Von allen Seiten hagelt es Kritik auf Heiko Maas. Wie viel Schuld tragen der Außenminister und das Auswärtige Amt in der Afghanistan-Krise?
Die USA haben als erste den Truppenabzug aus Afghanistan verkündet. Klar. Die Bundeswehr und auch die anderen Nato-Truppen kamen danach. Alle haben die Lage vollkommen falsch eingeschätzt. Aber: Wie viel Schuld trifft am Ende die Bundesregierung und vor allem das Auswärtige Amt mit dem Minister Heiko Maas?

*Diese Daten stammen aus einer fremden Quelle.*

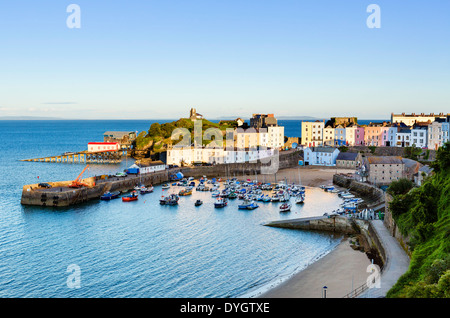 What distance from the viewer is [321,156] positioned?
64812mm

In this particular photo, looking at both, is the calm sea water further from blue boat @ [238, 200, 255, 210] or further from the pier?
the pier

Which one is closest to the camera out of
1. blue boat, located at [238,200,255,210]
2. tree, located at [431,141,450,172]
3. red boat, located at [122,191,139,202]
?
tree, located at [431,141,450,172]

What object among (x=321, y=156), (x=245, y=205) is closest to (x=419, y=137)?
(x=321, y=156)

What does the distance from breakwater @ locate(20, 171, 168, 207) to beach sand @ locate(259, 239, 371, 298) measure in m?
27.2

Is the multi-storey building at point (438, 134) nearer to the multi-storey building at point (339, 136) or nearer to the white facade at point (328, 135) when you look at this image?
the multi-storey building at point (339, 136)

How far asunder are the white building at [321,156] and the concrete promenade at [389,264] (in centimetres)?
3707

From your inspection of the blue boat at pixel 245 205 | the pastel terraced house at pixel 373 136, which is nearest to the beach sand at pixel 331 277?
the blue boat at pixel 245 205

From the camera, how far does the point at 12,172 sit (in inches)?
2516

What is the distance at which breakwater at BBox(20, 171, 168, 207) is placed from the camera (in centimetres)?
4081

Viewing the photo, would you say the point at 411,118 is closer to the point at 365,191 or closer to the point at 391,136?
the point at 391,136

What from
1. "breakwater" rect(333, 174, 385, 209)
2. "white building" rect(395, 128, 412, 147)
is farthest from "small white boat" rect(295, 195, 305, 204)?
"white building" rect(395, 128, 412, 147) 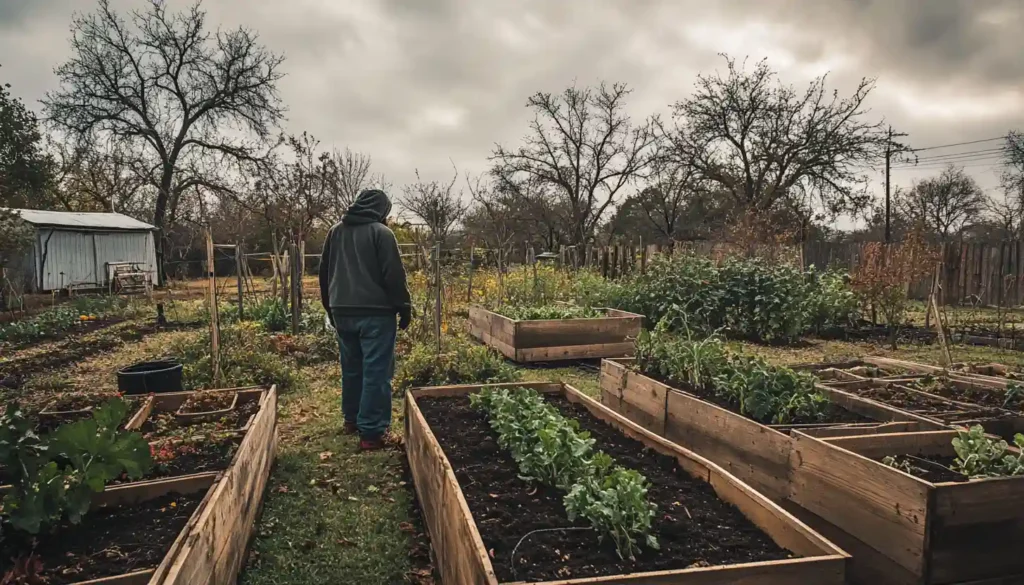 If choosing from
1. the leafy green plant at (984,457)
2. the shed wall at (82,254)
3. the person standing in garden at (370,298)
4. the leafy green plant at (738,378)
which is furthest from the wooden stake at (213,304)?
the shed wall at (82,254)

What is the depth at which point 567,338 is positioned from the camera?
8078 mm

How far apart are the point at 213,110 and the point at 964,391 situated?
28.5 m

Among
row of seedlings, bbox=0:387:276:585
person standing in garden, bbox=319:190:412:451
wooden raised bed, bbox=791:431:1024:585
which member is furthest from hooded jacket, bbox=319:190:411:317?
wooden raised bed, bbox=791:431:1024:585

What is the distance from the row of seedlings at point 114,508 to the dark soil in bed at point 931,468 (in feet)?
9.67

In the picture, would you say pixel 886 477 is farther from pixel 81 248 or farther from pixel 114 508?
pixel 81 248

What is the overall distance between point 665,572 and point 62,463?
2.40 m

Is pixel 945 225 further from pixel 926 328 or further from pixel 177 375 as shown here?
pixel 177 375

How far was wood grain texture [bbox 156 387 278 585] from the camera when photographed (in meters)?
1.99

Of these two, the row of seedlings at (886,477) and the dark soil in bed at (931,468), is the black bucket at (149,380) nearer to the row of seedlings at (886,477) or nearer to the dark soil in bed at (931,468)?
the row of seedlings at (886,477)

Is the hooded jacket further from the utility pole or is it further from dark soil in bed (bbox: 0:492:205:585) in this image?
the utility pole

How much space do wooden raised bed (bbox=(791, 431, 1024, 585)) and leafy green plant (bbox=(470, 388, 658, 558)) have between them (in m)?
0.97

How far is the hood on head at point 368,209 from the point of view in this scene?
461cm

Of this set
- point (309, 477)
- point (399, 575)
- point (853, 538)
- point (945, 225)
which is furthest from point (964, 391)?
point (945, 225)

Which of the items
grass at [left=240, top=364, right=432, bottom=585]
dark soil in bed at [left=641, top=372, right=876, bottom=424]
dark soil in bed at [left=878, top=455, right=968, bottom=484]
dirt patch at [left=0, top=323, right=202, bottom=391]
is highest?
dark soil in bed at [left=641, top=372, right=876, bottom=424] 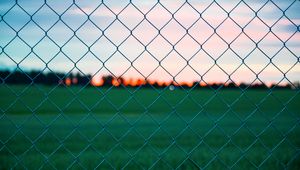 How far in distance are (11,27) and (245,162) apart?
3.27 meters

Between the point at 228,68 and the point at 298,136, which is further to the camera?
the point at 298,136

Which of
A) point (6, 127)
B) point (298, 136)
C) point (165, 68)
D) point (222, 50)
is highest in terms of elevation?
point (222, 50)

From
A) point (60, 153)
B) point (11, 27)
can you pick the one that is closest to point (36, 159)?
point (60, 153)

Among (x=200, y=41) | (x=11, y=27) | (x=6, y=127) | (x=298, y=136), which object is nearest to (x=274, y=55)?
(x=200, y=41)

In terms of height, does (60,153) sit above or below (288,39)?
below

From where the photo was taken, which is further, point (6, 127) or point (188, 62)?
point (6, 127)

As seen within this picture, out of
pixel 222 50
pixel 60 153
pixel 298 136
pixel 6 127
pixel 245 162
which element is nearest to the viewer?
pixel 222 50

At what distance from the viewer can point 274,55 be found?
211cm

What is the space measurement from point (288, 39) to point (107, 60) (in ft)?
3.47

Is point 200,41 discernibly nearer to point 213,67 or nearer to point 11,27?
point 213,67

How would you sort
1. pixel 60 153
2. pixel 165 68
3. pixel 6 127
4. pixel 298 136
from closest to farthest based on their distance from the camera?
pixel 165 68 → pixel 60 153 → pixel 298 136 → pixel 6 127

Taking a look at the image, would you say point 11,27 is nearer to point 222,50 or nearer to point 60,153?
point 222,50

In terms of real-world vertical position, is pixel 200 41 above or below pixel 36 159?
above

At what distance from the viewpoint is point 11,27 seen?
1.84 m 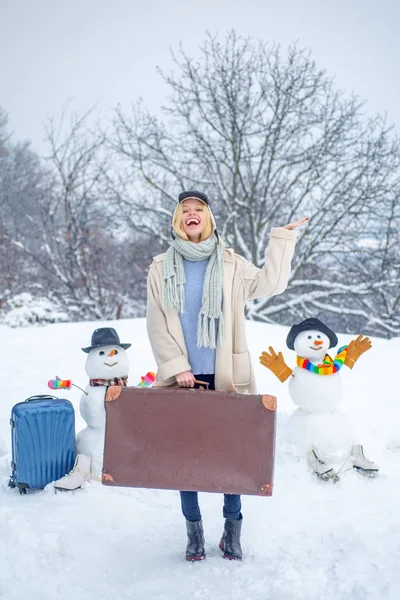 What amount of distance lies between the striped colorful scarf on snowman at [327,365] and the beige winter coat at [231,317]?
1.05m

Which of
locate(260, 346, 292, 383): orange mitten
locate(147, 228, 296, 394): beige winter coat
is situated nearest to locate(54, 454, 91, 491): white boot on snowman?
locate(147, 228, 296, 394): beige winter coat

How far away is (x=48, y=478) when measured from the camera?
10.8 feet

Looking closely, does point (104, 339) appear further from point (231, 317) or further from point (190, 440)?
point (190, 440)

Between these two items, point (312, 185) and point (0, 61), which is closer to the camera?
point (312, 185)

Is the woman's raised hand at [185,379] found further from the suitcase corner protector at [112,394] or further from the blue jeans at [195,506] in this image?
the blue jeans at [195,506]

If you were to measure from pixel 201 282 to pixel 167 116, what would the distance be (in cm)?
1039

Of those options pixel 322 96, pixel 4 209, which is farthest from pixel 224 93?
pixel 4 209

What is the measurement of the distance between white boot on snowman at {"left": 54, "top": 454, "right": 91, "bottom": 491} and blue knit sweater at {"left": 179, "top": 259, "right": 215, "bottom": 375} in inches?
47.2

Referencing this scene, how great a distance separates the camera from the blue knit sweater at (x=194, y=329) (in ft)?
8.45

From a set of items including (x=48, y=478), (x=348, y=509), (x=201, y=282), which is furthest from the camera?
(x=48, y=478)

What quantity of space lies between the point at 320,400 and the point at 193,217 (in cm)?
167

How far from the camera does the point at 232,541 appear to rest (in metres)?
2.52

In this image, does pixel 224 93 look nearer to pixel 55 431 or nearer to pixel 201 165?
pixel 201 165

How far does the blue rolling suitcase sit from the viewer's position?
323 centimetres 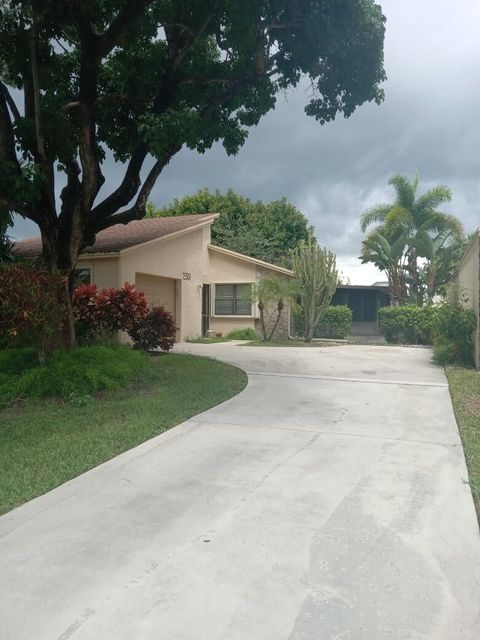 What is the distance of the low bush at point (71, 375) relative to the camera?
28.6 feet

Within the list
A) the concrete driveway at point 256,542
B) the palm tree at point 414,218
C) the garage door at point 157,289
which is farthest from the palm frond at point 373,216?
the concrete driveway at point 256,542

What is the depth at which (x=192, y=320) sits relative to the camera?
1992 centimetres

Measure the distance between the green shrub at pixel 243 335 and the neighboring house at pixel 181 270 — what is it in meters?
0.44

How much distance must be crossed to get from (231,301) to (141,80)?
11.5 m

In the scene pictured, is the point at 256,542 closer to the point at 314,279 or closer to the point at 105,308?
the point at 105,308

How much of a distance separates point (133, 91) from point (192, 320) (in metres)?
9.94

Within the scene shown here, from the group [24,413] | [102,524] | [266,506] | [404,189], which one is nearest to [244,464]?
[266,506]

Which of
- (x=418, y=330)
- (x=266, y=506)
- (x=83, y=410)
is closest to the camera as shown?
(x=266, y=506)

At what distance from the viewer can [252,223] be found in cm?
3136

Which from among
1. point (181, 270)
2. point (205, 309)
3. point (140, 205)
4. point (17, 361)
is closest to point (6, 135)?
point (140, 205)

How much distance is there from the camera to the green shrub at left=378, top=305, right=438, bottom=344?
1942 centimetres

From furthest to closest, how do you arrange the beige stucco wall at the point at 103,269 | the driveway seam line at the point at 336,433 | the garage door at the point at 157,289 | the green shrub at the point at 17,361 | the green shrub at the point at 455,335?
the garage door at the point at 157,289, the beige stucco wall at the point at 103,269, the green shrub at the point at 455,335, the green shrub at the point at 17,361, the driveway seam line at the point at 336,433

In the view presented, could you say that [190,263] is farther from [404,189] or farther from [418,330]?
[404,189]

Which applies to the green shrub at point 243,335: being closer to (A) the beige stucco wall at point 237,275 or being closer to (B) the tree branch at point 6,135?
(A) the beige stucco wall at point 237,275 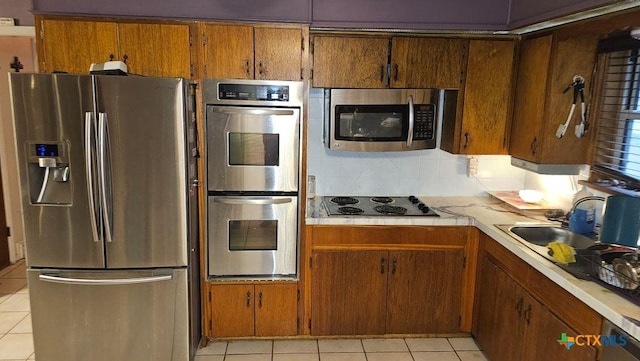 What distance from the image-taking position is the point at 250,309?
281cm

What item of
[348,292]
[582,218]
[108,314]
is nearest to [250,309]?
[348,292]

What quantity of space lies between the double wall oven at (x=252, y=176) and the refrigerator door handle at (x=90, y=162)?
0.61 m

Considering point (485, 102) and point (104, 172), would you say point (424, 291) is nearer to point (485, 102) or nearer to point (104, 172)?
point (485, 102)

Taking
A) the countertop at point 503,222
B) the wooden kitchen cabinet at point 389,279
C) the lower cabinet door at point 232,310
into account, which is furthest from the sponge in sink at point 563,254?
the lower cabinet door at point 232,310

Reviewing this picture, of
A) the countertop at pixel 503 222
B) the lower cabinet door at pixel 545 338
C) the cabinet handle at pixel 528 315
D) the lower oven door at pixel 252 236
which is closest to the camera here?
the countertop at pixel 503 222

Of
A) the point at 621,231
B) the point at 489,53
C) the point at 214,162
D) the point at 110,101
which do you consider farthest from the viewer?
the point at 489,53

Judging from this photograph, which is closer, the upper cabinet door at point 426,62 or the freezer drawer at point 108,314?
the freezer drawer at point 108,314

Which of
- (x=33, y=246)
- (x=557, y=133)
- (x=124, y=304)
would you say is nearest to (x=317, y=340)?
(x=124, y=304)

Die AfD, FDP-Vize Wolfgang Kubicki und der Linken-Bundestagsabgeordnete Gregor Gysi fordern seinen Rücktritt, Gysi sogar den der gesamten Regierung. Der außenpolitische Sprecher der SPD im Bundestag, Nils Schmid, verteidigt den Minister wiederum. Man sei geschönten Berichten aufgesessen und müsse daraus für kommende Bundeswehreinsätze lernen.
**Weitere Themen:** GDL kündigt Streik an, Corona in Deutschland.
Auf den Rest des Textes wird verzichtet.